Up here in Canada, where we have a parliamentary system, bills are created and passed (or failed) with majority on a single vote. The huge difference between bills is that we don't have a bunch of riders and non-meaningful attachments to the bill. If we have a crime bill, it's about crime... no tossing in $50 million for a road in Saskatchewan. So it makes our legislation alot shorter and easier to understand.

I actually tried to read through the health care bill a few weeks ago to figure out what was in it. What a mess.

Oh, and our Senate is essentially a bunch of appointees by the government with indefinite terms who rubber stamps the laws, 99% of the time... an absolute waste of our tax dollars, IMO. Our Senate does not initiate bills.



The USA Senate was once appointed. That led to Senators being "owned" by people. I think it was changed between 1910 and 1920.
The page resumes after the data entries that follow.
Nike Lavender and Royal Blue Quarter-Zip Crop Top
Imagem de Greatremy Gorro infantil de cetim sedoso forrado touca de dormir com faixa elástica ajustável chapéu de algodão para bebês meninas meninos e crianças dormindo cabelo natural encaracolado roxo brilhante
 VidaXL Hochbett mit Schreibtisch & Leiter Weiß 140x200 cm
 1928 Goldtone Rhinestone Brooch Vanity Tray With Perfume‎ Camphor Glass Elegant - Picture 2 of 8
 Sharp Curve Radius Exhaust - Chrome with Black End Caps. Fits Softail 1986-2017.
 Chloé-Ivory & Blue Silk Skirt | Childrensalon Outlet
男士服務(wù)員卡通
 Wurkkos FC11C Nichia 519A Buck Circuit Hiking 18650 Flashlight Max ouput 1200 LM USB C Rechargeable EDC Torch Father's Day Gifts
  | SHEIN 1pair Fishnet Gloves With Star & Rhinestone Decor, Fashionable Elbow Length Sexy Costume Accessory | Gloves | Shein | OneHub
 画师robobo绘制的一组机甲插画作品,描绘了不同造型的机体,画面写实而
It would be great if they didn't have all the riders. It would be even better if instead of feeling they need to keep making new laws every session they would rather pass a budget and go over old laws that could be repealed or cleaned up, then spend the rest of the time helping their constituents.

The USA is now almost an "effective" Parlimentary system in the Legislative Branch. Few in either party cross over. And Obamacare is the first bill I ever remember passing despite bipartisian opposition.

You tried to read it? I can read about a page of that stuff. It can put amphetimine freaks to sleep.